──────── Given material ────────

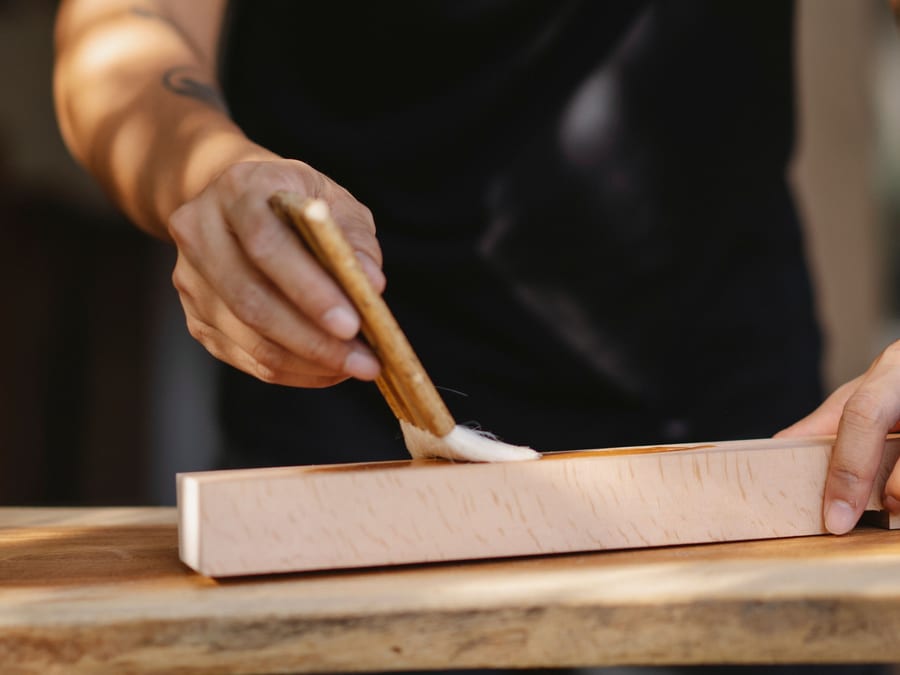 Stain being drawn along a timber board, the colour deepening evenly behind the brush.
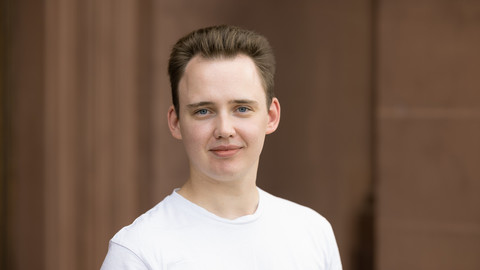 Domantas Undzėnas. He is wearing a white T-shirt and is standing in front of a stonewall.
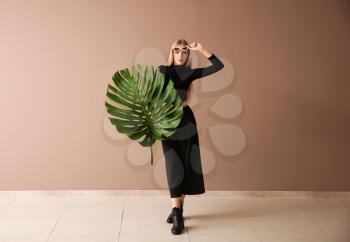 Beautiful woman with green tropical leaf near color wall�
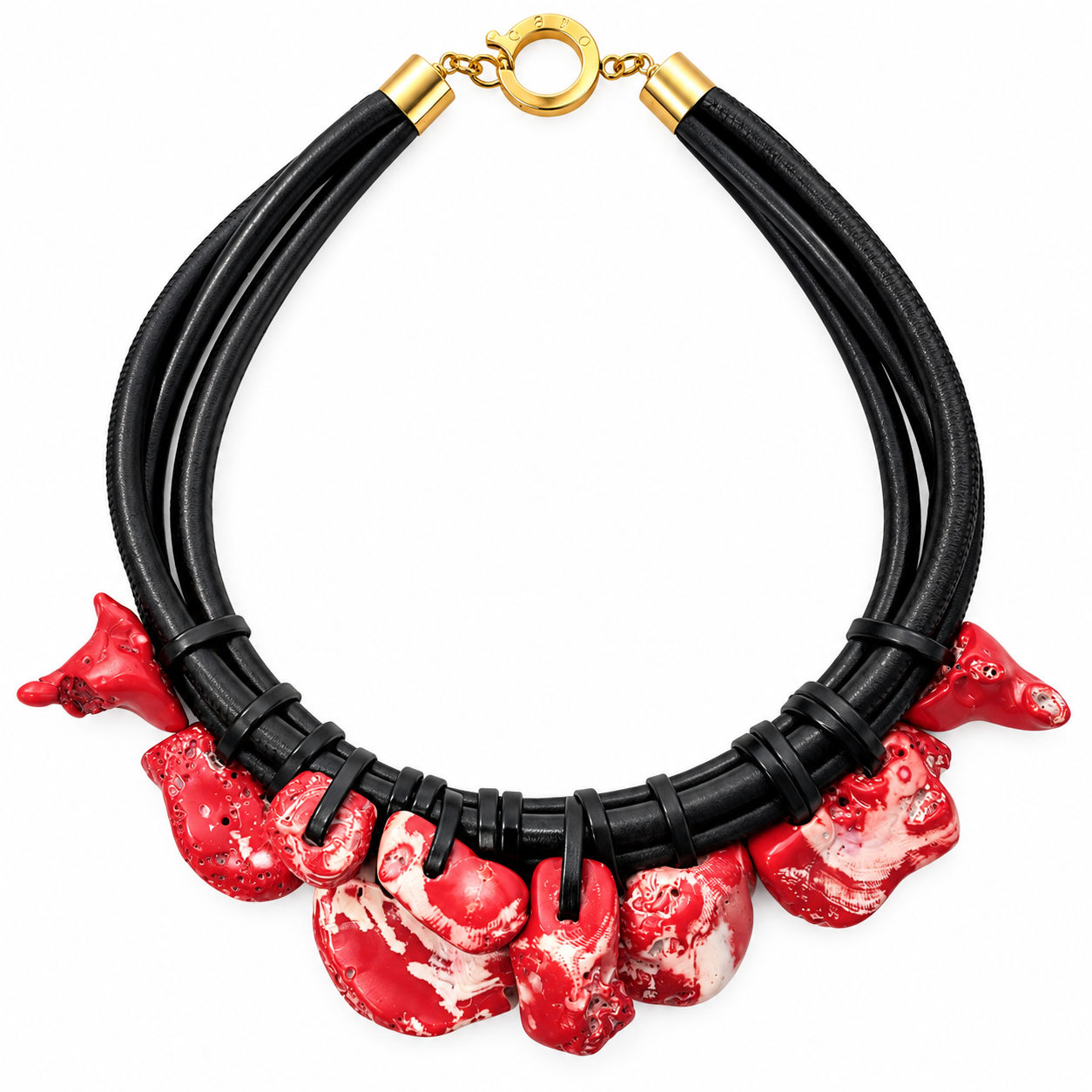Bold sculptural necklace featuring three thick black cords joined with gold end caps and a circular clasp. Along the lower edge hang irregularly shaped marbled red and white coral pieces, each unique in form and texture, creating a dramatic contrast against the sleek black cords.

────────

# What you will do:
Copy out the lines above from the line containing "Domantas Undzėnas. He" through the line containing "Beautiful woman with", exactly, and keep the pictures out.

# Task result:
 Domantas Undzėnas. He is wearing a white T-shirt and is standing in front of a stonewall.
 Beautiful woman with green tropical leaf near color wall�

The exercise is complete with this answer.